Since the extension of factorial beyond the non-negative integers is not unique, why do we prefer the version defined by Euler's infinite product or integral formulas? Euler's formulas define a function which has very interesting relationships to other important functions we know. In particular, it satisfies a second functional equation, beyond the factorial recurrence $f(1+x)=(1+x)f(x),$ which relates the generalized factorial function to the sine function familiar from trigonometry. Deriving this relationship requires a bit more advanced mathematics than what we needed to understand either of Euler's definitions, but it should be within reach if you enjoy a good challenge.
We already remarked that the factorial becomes infinite at all the negative integers, even though it is well defined at every other negative number. This suggests investigating its reciprocal, $$\frac{1}{x!} = \prod_{n=1}^\infty\frac{1+x/n}{(1+1/n)^x}$$ This function is well-behaved for all $x,$ and evidently has zeros where $x$ is a negative integer (and nowhere else).

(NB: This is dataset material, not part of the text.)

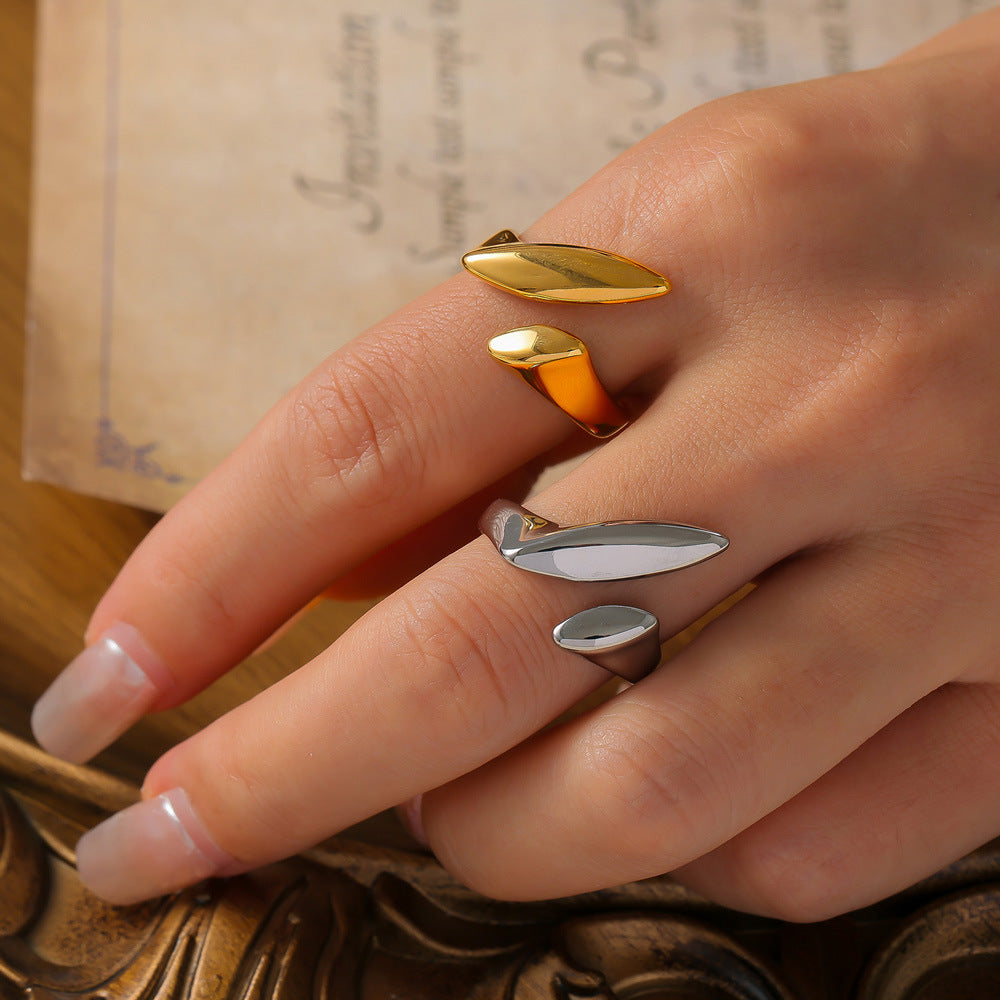 IRREGULAR GEOMETRIC RING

We can both cancel the $x$ powers in the denominator and get zeros at all the integers if we multiply this by itself but flipped with $x\rightarrow-1-x$: $$\begin{align*} \frac{1}{x!(-1-x)!} &= \prod_{n=1}^\infty\frac{1+x/n}{(1+1/n)^x} \prod_{n=1}^\infty\frac{1-1/n-x/n}{(1+1/n)^{-1-x}} \\ &= -x \prod_{n=1}^\infty(1+x/n)(1-1/(n+1)-x/(n+1))(1+1/n) \\ &= -x \prod_{n=1}^\infty(1+x/n)(1-x/n)(1-1/(n+1))(1+1/n) \\ &= -x \prod_{n=1}^\infty(1+x/n)(1-x/n) = -f(x), \end{align*}$$ Where we define the function $f(x)$ by the remarkably simple infinite product in the final line.

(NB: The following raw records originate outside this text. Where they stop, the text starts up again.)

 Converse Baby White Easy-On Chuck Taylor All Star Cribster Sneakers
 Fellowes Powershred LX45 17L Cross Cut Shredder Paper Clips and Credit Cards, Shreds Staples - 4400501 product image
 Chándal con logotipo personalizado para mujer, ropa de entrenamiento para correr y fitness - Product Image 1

Now this $f(x),$ the reciprocal of the product of the factorial function with itself when reflected about $x=-1/2,$ evidently has a zero at every integer value of $x,$ positive or negative. What else can we learn about it? Look at what happens when we shift $x$ by $1,$ which we can compute from the factorial recurrence: $$f(1+x) = \frac{1}{(1+x)!}\frac{1}{(-1-x-1)!} = \frac{1}{(1+x)x!}\frac{-1-x}{(-1-x)!} = -f(x)$$ Therefore, $f(2+x)=f(x),$ or in other words $f(x)$ is an odd periodic function with period $2$ and a zero at every integer value. Dare we hope that $f(x)\propto\sin\pi x$?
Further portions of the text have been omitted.